To investigate whether overall tubular dysfunction is encountered in a particular subgroup of patients with urolithiasis, the following parameters of renal tubular function have been measured in fasting morning urine in 124 male stone formers: excretion of lysozyme and gamma-glutamyl transpeptidase (gamma-GT), fractional excretion (FE) or glucose, insulin, bicarbonate after an alkali load, and theoretical phosphate threshold (TmP/GFR). The following have been diagnosed: primary hyperparathyroidism (n = 3), medullary sponge kidneys (n = 5), hyperuricemia (n = 8), cystinuria (n = 1), struvite nephrolithiasis (n = 2), idiopathic hypercalciuria of the absorptive (n = 16), dietary (n = 46) or renal (n = 5) type, and normocalciuric idiopathic urolithiasis (n = 38). Urinary excretion of lysozyme and of gamma-GT were elevated in 14% and 21% of patients respectively; FE glucose and FE insulin were elevated in 6% and 8% of patients respectively. In 62% of the patients TmP/GFR was below 0.95 mmol/l and in 52% of the patients FE HCO3 after alkali load was above normal. The findings show that a large number of stone formers have signs of renal tubular dysfunction; apparent renal leaks of phosphate and of bicarbonate are the most frequently encountered defects; while they are not specific for a given etiologic group of patients, they have been found in each group. The latter observation suggests that nephrolithiasis itself can damage renal tubular function.
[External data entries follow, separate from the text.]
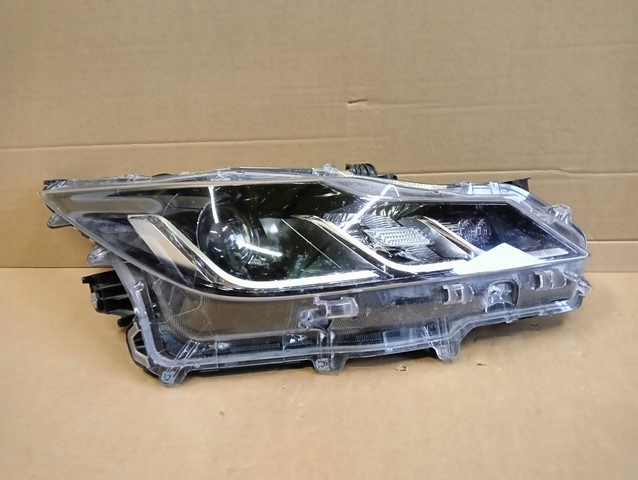 фото №1, Лампа правая правый фара toyota corolla e21 led sedan 19-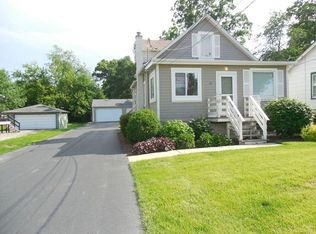 15 Meade Ct #1, Fox Lake, IL 60020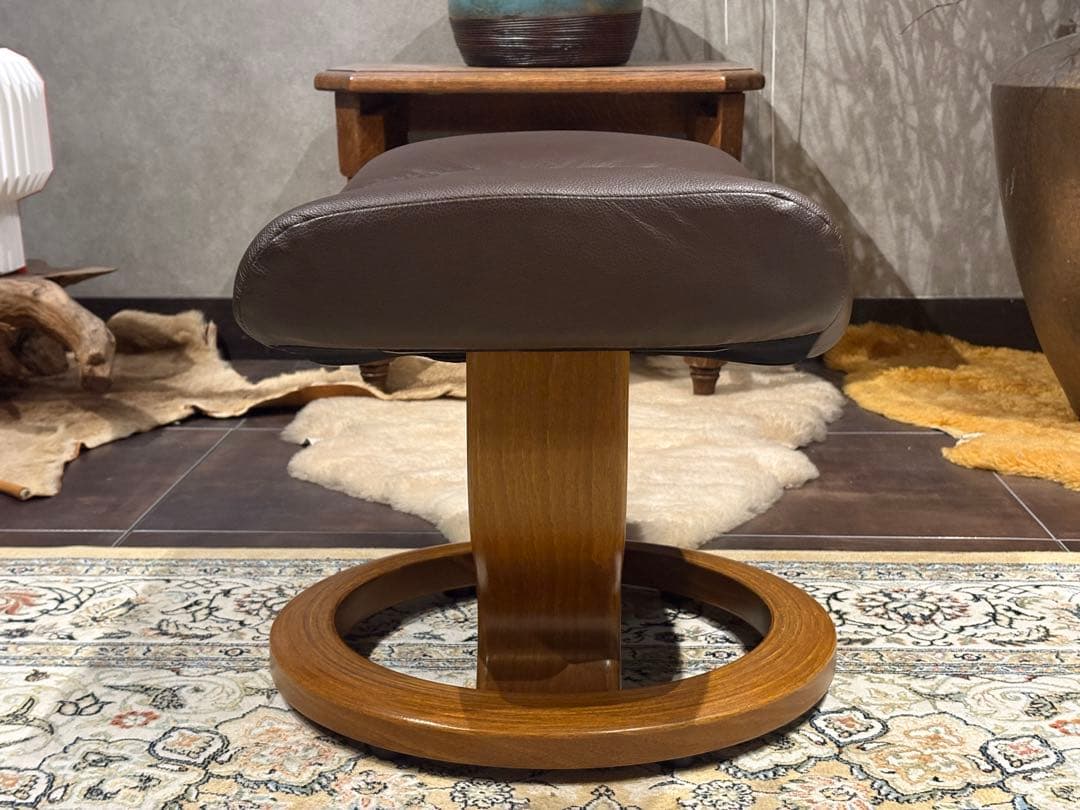 ①エコーネス パーソナルソファ オットマン ストレスレスチェア　IZZ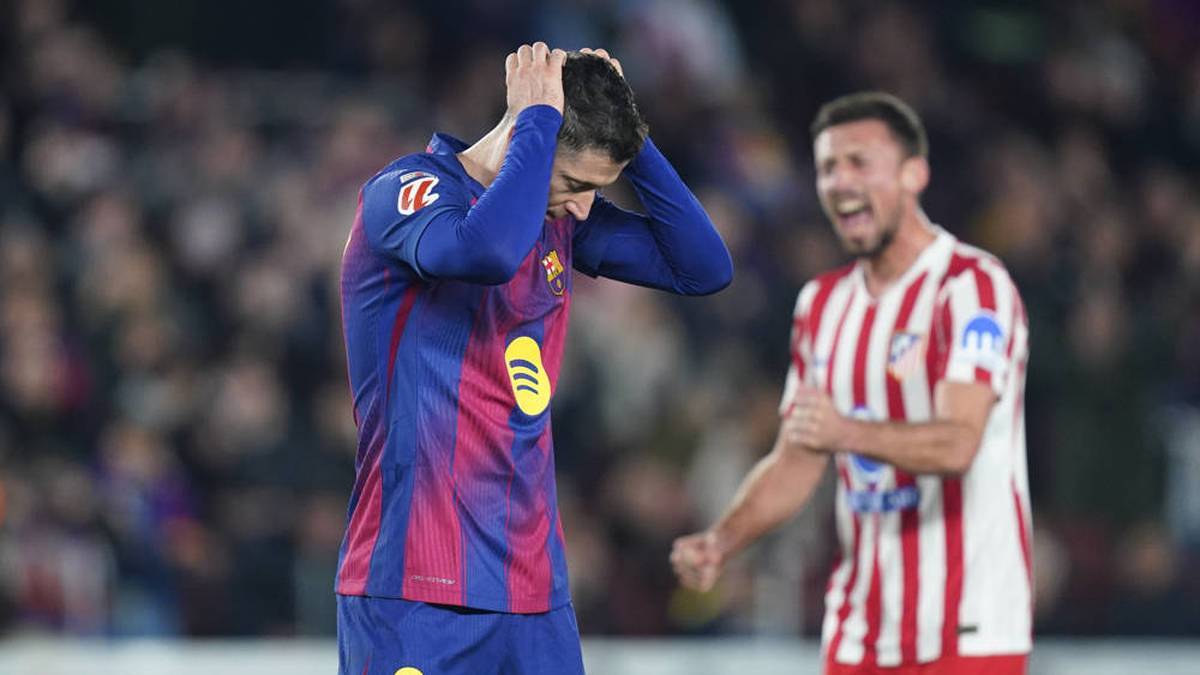 Robert Lewandowski misses a penalty against Atlético Madrid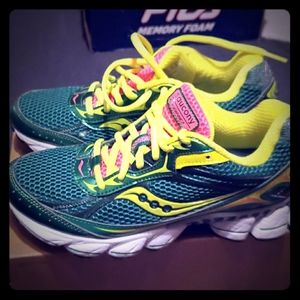 Saucony Hybrid 3 Women's running shoes
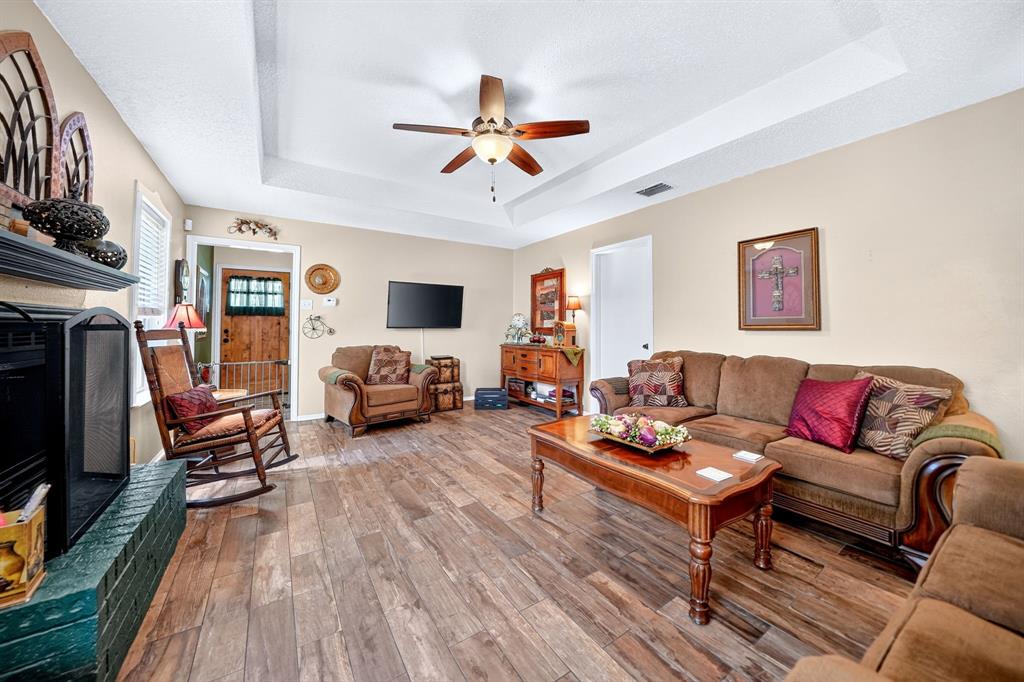 240 Dewey Court Property Photo 6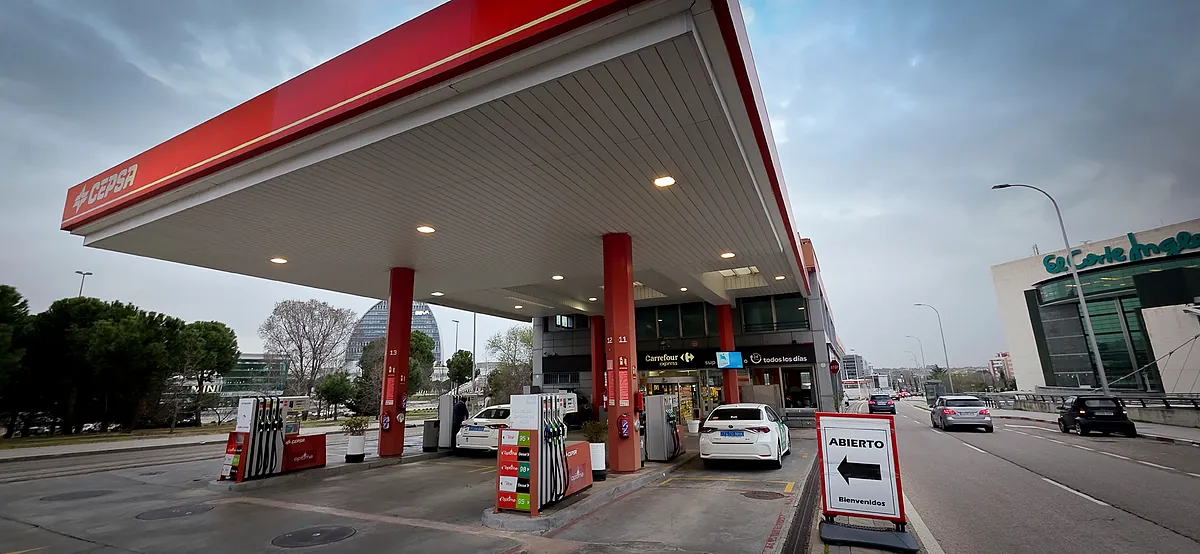 Bruselas advierte a España: la rebaja al IVA de los combustibles contraviene la Directiva europea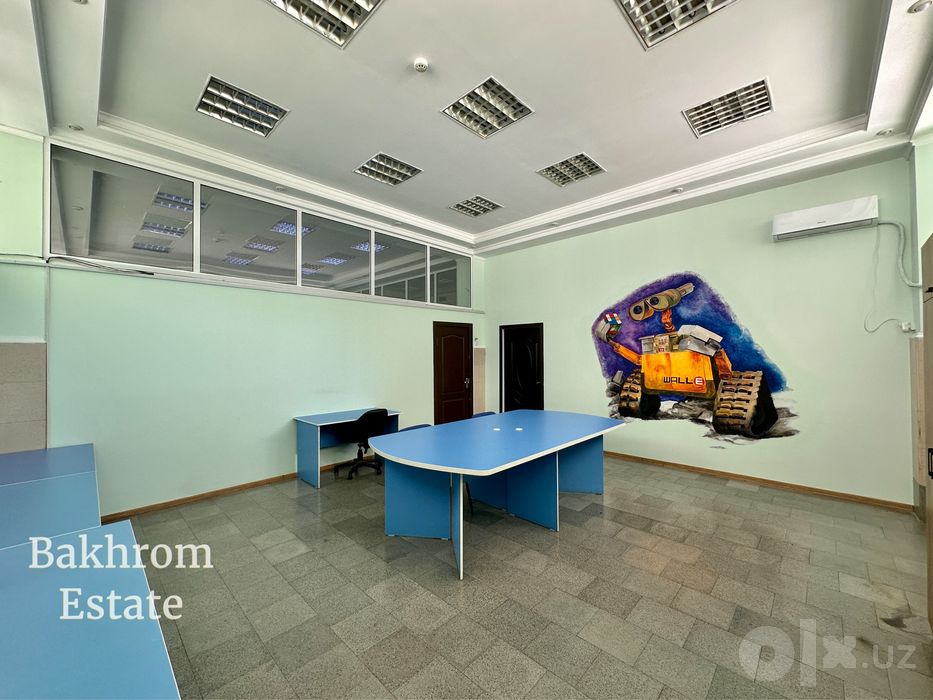 Офисное помещение 35 м² в БЦ возле м. Ойбек (аренда)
为了研究在特定的尿石症患者亚组中是否存在整体肾小管功能障碍,我们对124名男性结石形成者的空腹晨尿进行了以下肾小管功能参数的测量:溶菌酶和γ-谷氨酰转肽酶(γ-GT)的排泄量、葡萄糖、胰岛素、碱负荷后的碳酸氢盐的排泄分数(FE)以及理论磷酸盐阈值(TmP/GFR)。已诊断出以下疾病:原发性甲状旁腺功能亢进(n = 3)、髓质海绵肾(n = 5)、高尿酸血症(n = 8)、胱氨酸尿症(n = 1)、鸟粪石肾结石(n = 2)、吸收性(n = 16)、饮食性(n = 46)或肾性(n = 5)特发性高钙尿症,以及正常钙尿性特发性尿石症(n = 38)。分别有14%和21%的患者溶菌酶和γ-GT的尿排泄量升高;分别有6%和8%的患者FE葡萄糖和FE胰岛素升高。62%的患者TmP/GFR低于0.95 mmol/l,52%的患者碱负荷后的FE HCO3高于正常水平。研究结果表明,大量结石形成者有肾小管功能障碍的迹象;明显的磷酸盐和碳酸氢盐肾漏是最常见的缺陷;虽然它们并非特定病因组患者所特有,但在每组中均有发现。后一观察结果表明,尿石症本身可损害肾小管功能。